1. It need to be an extreme value;
2. It need to to satisfy a few other conditions. Simply sorting the array could give you extreme value overall but without satisfying the second conditions. One approach is to sort the array by the second condition and then by the extreme value.

• Leetcode - 502

Firstly, this could be solved by Greedy approach:

1. For all the projects that satisfy capital <= w, select the most profitable one.
2. Add the profit to capital, remove this project from available projects.

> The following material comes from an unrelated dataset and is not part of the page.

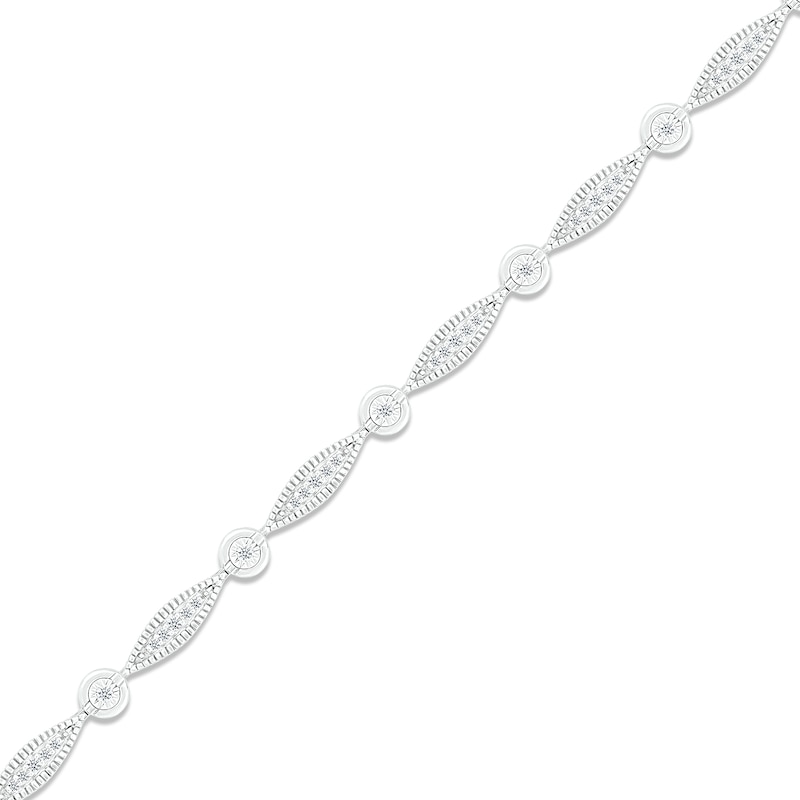 Diamond Bracelet 1/4 ct tw Round-cut 10K White Gold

The problem now is how to select the most profitable project with a condition capital <= w. We could sort all the project by profit, but can’t gurantee the capital condition is satisfied.

Brutal force

Scan all projects, and find the max profit with capital <= w; This takes linear time for each selection.

Sort

Keep in mind that the current capital is increasing after every project selection. We could use this to add only the projects that satisfy the new capital condition.

1. Initial a max heap with capital;
2. Sort the projects by capital;
3. Put the projects that satisfy initial capital condition to the max heap;
4. For every selection, poll a project from the max heap, and increment current capital.
5. Put all projects that satisfy the new capital into max heap;

Every project need to be visited once only, so the time complexity would be O(k+n), where k is the given k, and n is the length of projects.

    public int findMaximizedCapital(int k, int w, int[] profits, int[] capital) {
        
        //Greedy method
        PriorityQueue<int[]> pq = new PriorityQueue<>((x,y)-> -1*Integer.compare(x[1],y[1]));
        
        int[][] projects = new int[profits.length][2];
        
        for (int i = 0; i < profits.length; i++) {
            projects[i][0] = capital[i];
            projects[i][1] = profits[i];
        }      
        
        Arrays.sort(projects, (x,y)->Integer.compare(x[0], y[0]) );
        int id = 0;
        while (id < projects.length && projects[id][0] <= w) {
                pq.add(projects[id++]);
        }
        
        while (k > 0) {
            if (pq.isEmpty()) return w;
            int[] maxProfit = pq.poll();          

            w += maxProfit[1];            
            while (id < projects.length && projects[id][0] <= w) {
                pq.add(projects[id++]);
            }            
            k--;
        }
        
        return w;
    }